And cooked them and ate them. I shocked many people by doing this because they knew I loved them.
I loved my chickens. I mean I outright loved them.
I raised them kissed them hand fed them, worried about them, dreamt about them
then I ate them like a dog.
I eat meat and love it.
And that means an animal died.
If I buy that same type of meat at the store it still means an animal died.
I'm not scared of dying. I'm scared of not being loved.
So, if I'm loved when I die, I'm wholly okay.
If I refuse to look at something then ignorance has control. I can't refuse.
Why outright refuse?
Ignorance was not in my chart.
My chart had in my face realities, slapping realities, like who my father really was and how he outright hated me because I came from my mother, about how it felt like my mother cared more for men and money then me. How my boyfriend cheated on me and lied then hid me from what he considered real women because I was just a kid. How my friend pretended not to be my friend in front of other people so she wouldn't get beat up too. How my dogs died, how they died in my arms so I'd never forget them, how could I ever forget them?
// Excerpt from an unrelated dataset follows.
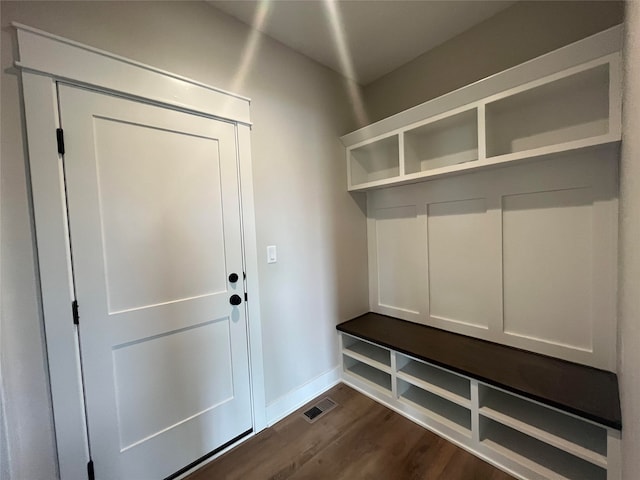 mudroom with dark hardwood / wood-style flooring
How women outright betrayed me, turning from admiring me to feeling I let them down, from laughing with me to thinking I'm a controlling know it all.
I don't want to control anyone, only myself.
And I don't fucking know anything.
And I've cheated too but I've never denied anyone I loved outright.
I've loved who I've loved regardless of sex or money although I've loved to spend both.
And I've never lied outright to my son.
And as far as I know I haven't died.
So, as long as I'm living, I'll eat meat and love it.